The lack of recent moisture and warm weather in southwestern Saskatchewan has the region in extreme fire danger.

That's according to Natural Resources Canada, who released a map late last week that listed most of Saskatchewan and Alberta in that same class.

These conditions have persisted on and off in the southwest since 2017 due to a lack of precipitation leading to drought.

Someone that's seen the devastation of countless grass fires over the last several years is Louis Cherpin, the fire chief for the RM of Swift Current Fire Department. And his crew has already dealt with one this spring by Wymark just last week.

"Until we get rain, the grass is very dry and there is no moisture in it from last year," he said. "We need some moisture to green up the ditches and roadways. That's always an early spring worry is the fires that start because of the dryness."

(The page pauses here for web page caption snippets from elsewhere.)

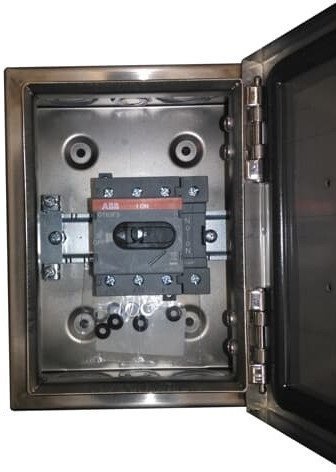 Рубильник в боксе OTR45B3M, 1SCA022567R0010 в Череповце
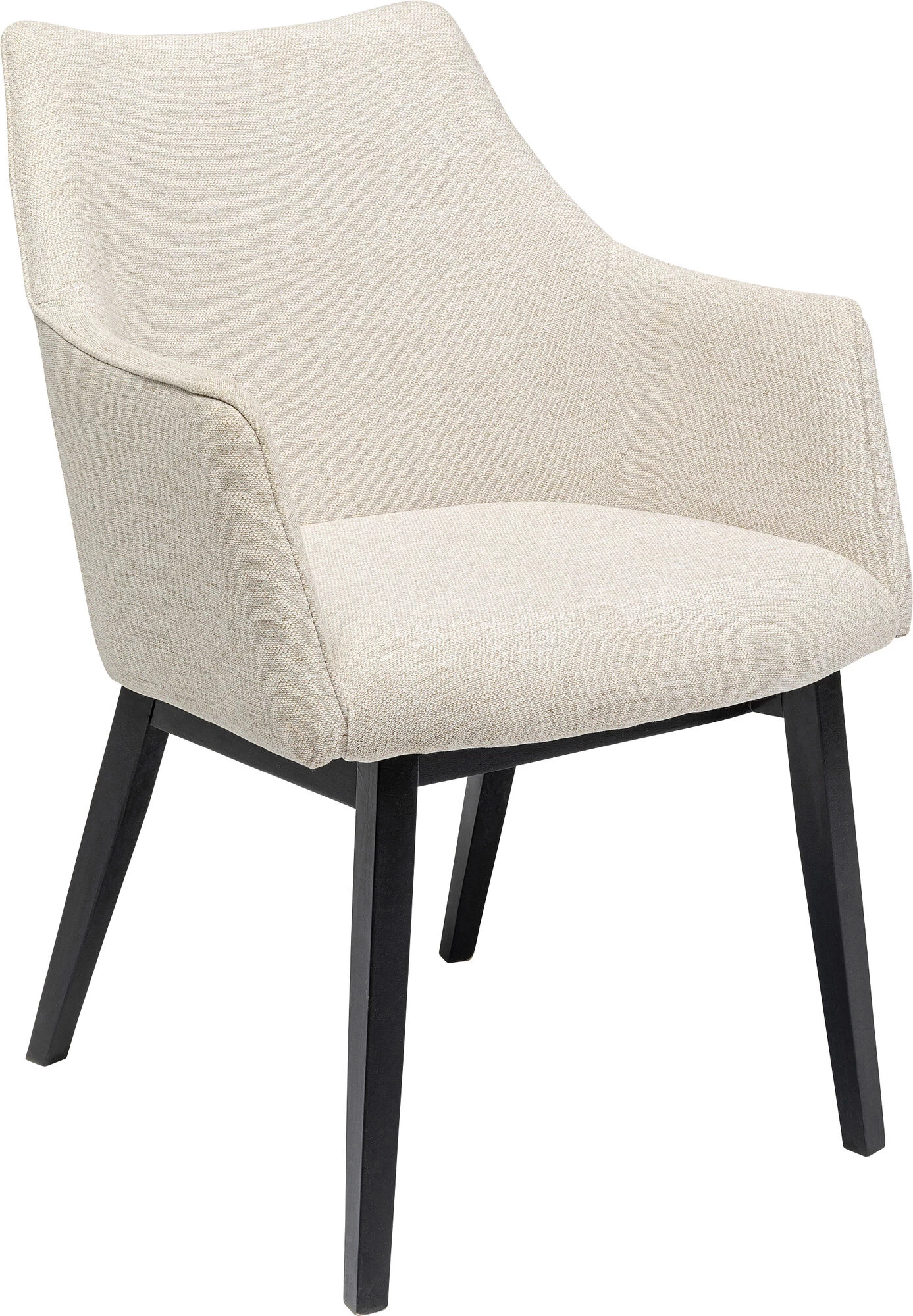 Armlehnstuhl Modino Creme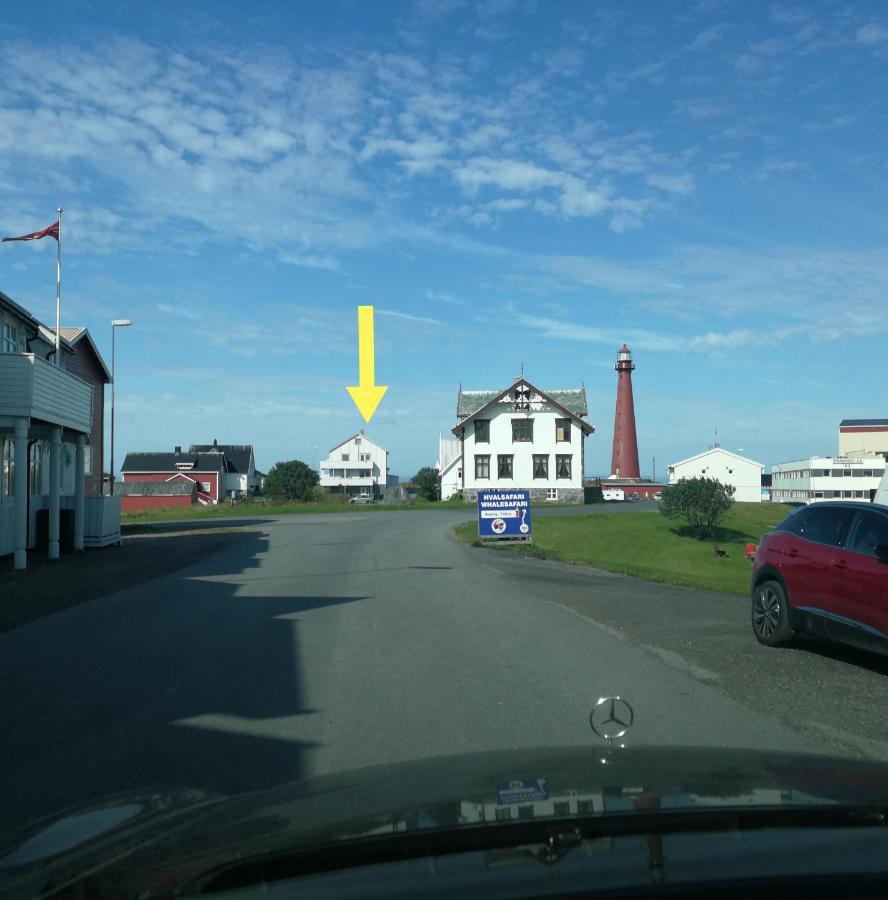 Apt 101 - Andenes Whale Safari Apartments Eksteriør billede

The long-time firefighter pointed to a few things that can spark grass fires including discarding cigarette butts improperly, blown tires, chains from trailers dragging, and farm machinery moving on grid roads. Residents can play a part in not only avoiding some of these instances but also help contain fires.

"Bring your assets, whether it's a high-speed disc or manpower," he said. "We always need help at the beginning of the fire to help get it under control... Preventing is the best cure but we always know you can't prevent everything. Just be prepared and catch it early so the loss is less."

Once on the scene of the fire, crews will determine the wind direction/speed and push the flames towards natural fire barriers such as roads or bodies of water if possible.